J’ai dans mon jardin un bougainvillier (on dit aussi une bougainvillée, c’est une plante féministe) rescapé du jardin d’un ami. Il mesurait environ deux mètres de haut (la plante, pas l’ami) et donnait des fleurs rosées à profusion. Quand nous l’avions arraché à sa terre, il n’avait presque aucune racine malgré son ampleur. J’ai tout de même essayé de le sauver, en espérant contre toute logique qu’il se sente suffisamment bien chez moi pour avoir envie de survivre et de refleurir. Cet été, j’ai vu apparaître une feuille timide, puis deux, puis des tiges se sont élancées vers le ciel avec détermination, et voilà désormais qu’il commence à coloniser l’espace que je lui avais alloué.

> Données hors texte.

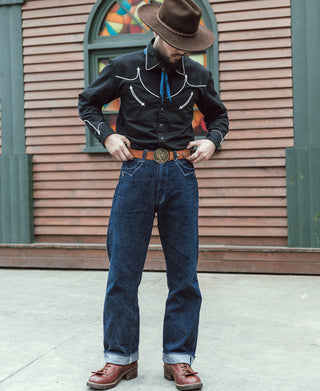 Black western shirt featuring white embroidered yoke and arrow accents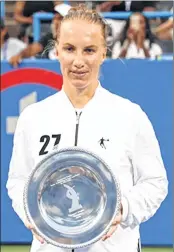  ??  ?? Svetlana Kuznetsova celebrates with her trophy.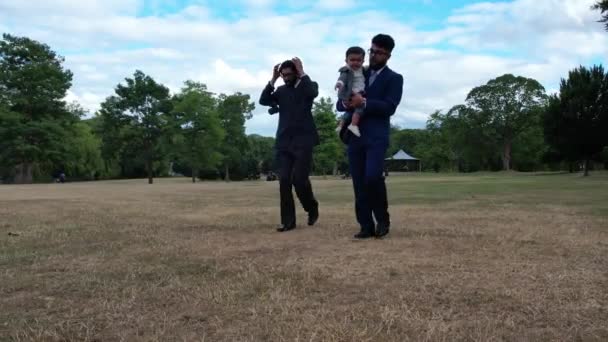 Young Asian Males Walking Infant Baby Boy Local Public Park — Αρχείο Βίντεο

C’était inespéré et je m’interrogeais sur ce petit miracle quand, hier matin, j’ai surpris Ziggy, la chatte de la maison, allongée aux pieds de l’arbuste. Ce matin, rebelote. Elle qui n’allait que très rarement dans ce coin là, voilà qu’elle y passe des heures, collée au tronc, enlaçant la plante de ses pattes avant. Drôle d’attitude du chat, drôle de résurrection du bougainvillier.
Bien sûr, un pragmatique pourrait dire que l’arrosage régulier rend la terre plus fraîche à cet endroit, ou plus moelleuse. Ou bien que l’été finissant, le soleil modifie légèrement sa course et que le félin s’adapte à son nouveau trajet en changeant de lieu de sieste. Il y a sans doute plein de raisons pour que Ziggy ait élu cet endroit pour s’y étendre.
Mais je préfère croire… croire que la bête a senti le besoin de la plante moribonde et a choisi de lui transmettre une de ses neuf vies ; croire qu’elles ont passé un pacte – tu m’offres ta vigueur, je t’offrirai mon ombre – et que la ronronnante s’acquitte de sa tâche avec application ; croire que c’est la présence de l’animal qui donne la force à l’arbre de pousser.
Parce que cette magie là est tout de même mille fois plus poétique, non ?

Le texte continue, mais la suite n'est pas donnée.